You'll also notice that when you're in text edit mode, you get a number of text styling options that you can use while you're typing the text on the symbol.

=======

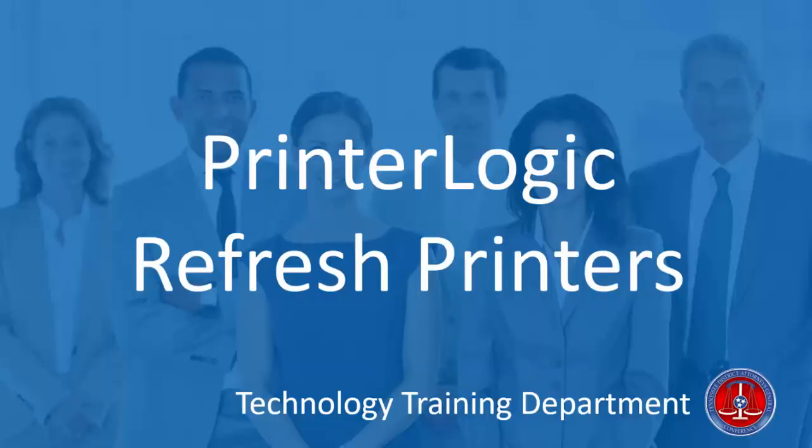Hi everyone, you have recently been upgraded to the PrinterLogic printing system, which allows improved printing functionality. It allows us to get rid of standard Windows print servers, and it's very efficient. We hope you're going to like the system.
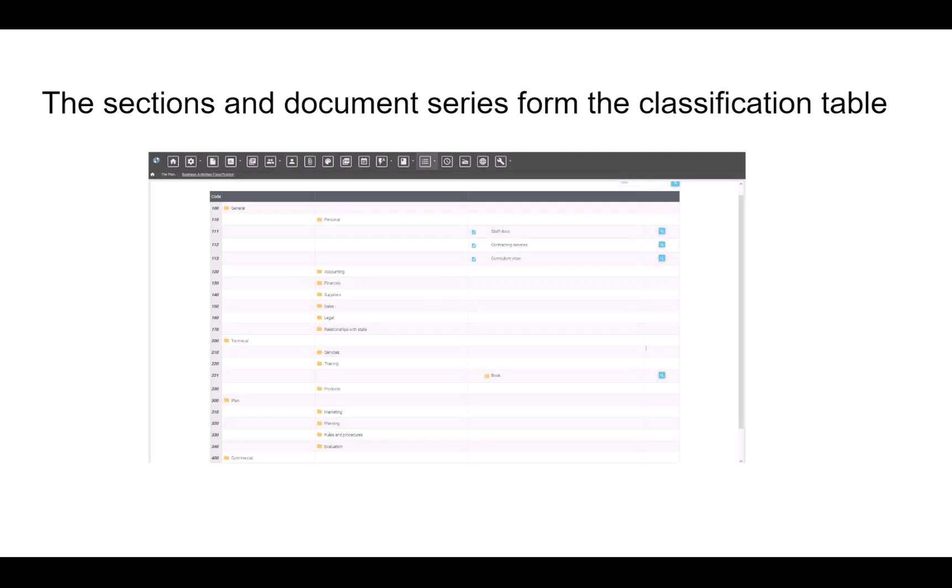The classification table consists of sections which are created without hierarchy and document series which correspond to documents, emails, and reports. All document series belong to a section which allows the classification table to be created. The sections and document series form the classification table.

=======

Exercise requirements ::
The copy should hold exactly the lines above from the one with "Hi everyone, you" through the one with "The classification table consists", both ends counted, and no pictures at all.

Solution to the problem ::
Hi everyone, you have recently been upgraded to the PrinterLogic printing system, which allows improved printing functionality. It allows us to get rid of standard Windows print servers, and it's very efficient. We hope you're going to like the system.
The classification table consists of sections which are created without hierarchy and document series which correspond to documents, emails, and reports. All document series belong to a section which allows the classification table to be created. The sections and document series form the classification table.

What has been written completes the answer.